The seminars are held on Zoom and last 60 minutes:

  • 45 minutes of presentation

  • 15 minutes of discussion, led by an invited discussant

Moderators collect questions using the Q&A feature during the seminar.

How to join

You can attend by clicking the link to join (there is no need to register in advance).

More instructions for attendees can be found here.

Organizers

Contact us

If you have feedback or suggestions or want to propose a speaker, please e-mail us at selectiveinferenceseminar@gmail.com.

What is selective inference?

Broadly construed, selective inference means searching for interesting patterns in data, usually with inferential guarantees that account for the search process.

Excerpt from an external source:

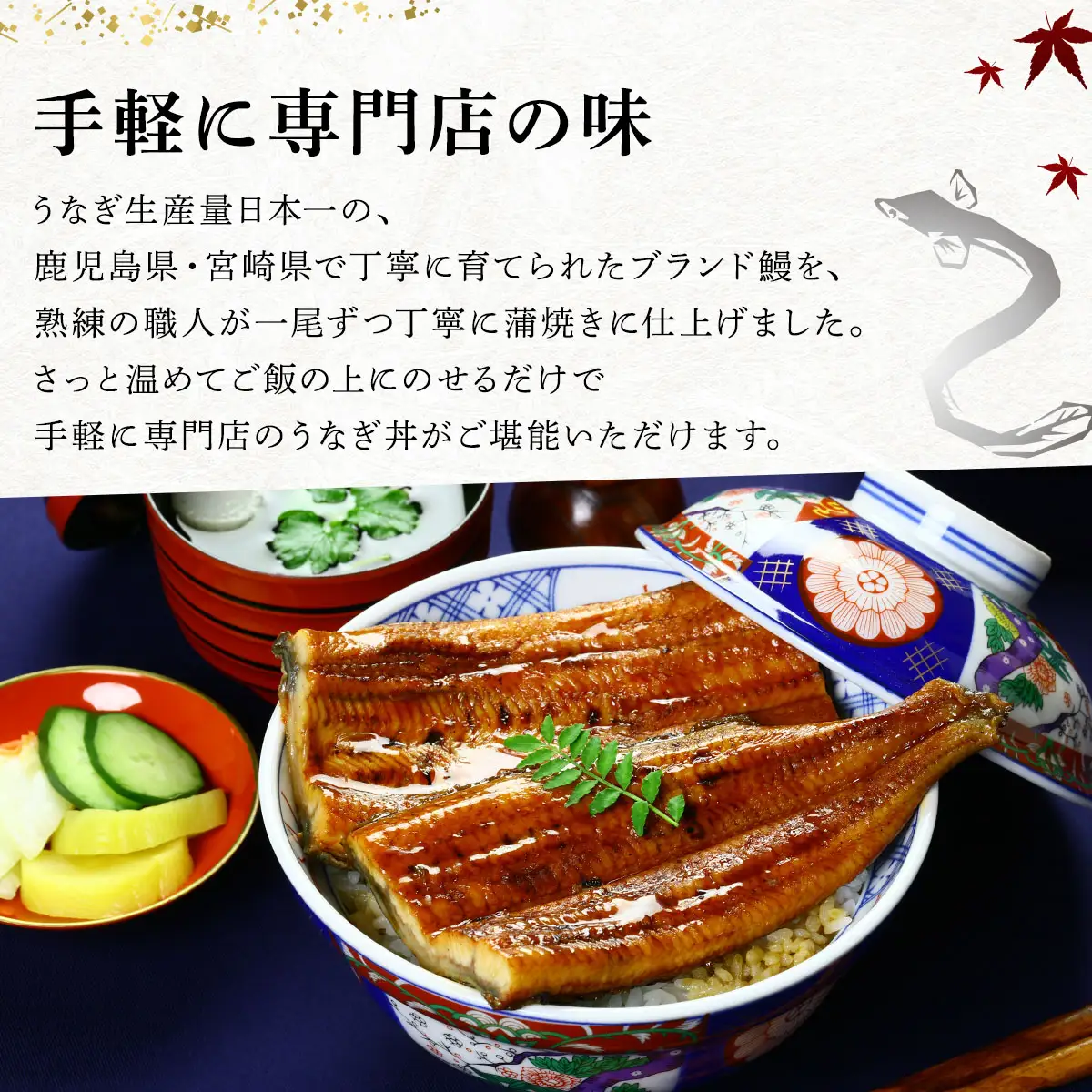 国産 うなぎ 蒲焼き（無頭 約180g前後）×1尾 タレ＆山椒付 贈答用BOX入り[024-a071]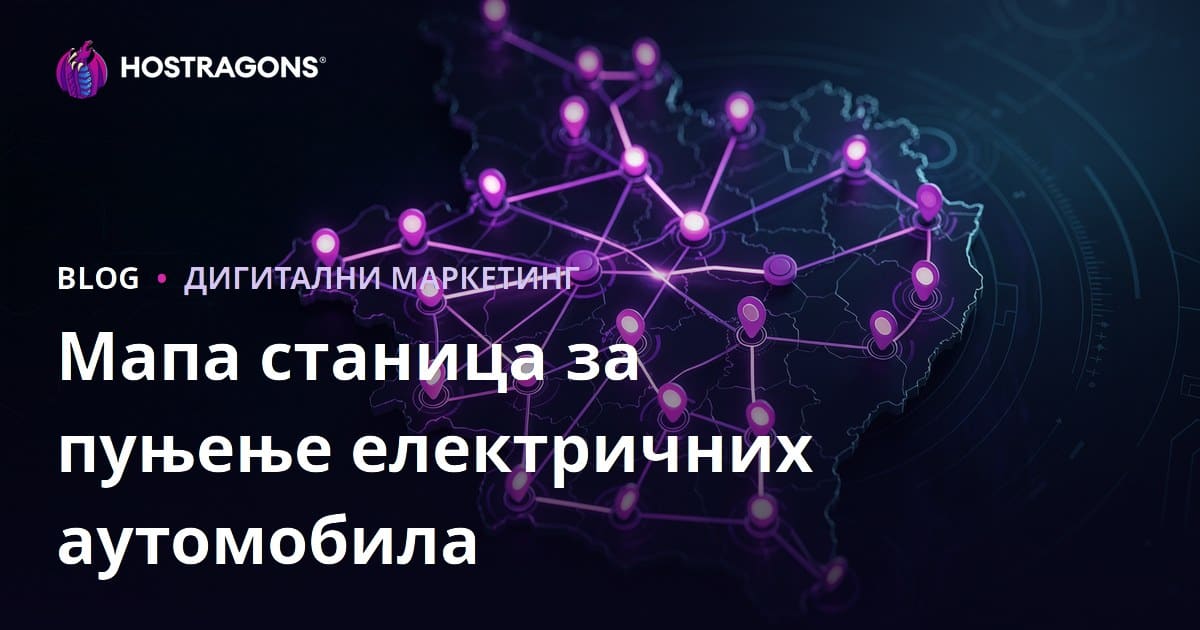 Мапа станица за пуњење електричних аутомобила и методе привлачења регионалног саобраћаја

It encompasses:

  • Multiple testing: testing many hypotheses at once (and paying disproportionate attention to rejections)

  • Post-selection inference: examining the data to decide what question to ask, or what model to use, then carrying out one or more appropriate inferences

  • Adaptive / interactive inference: sequentially asking one question after another of the same data set, where each question is informed by the answers to preceding questions

  • Cheating: cherry-picking, double dipping, data snooping, data dredging, p-hacking, HARKing, and other low-down dirty rotten tricks; basically any of the above, but done wrong!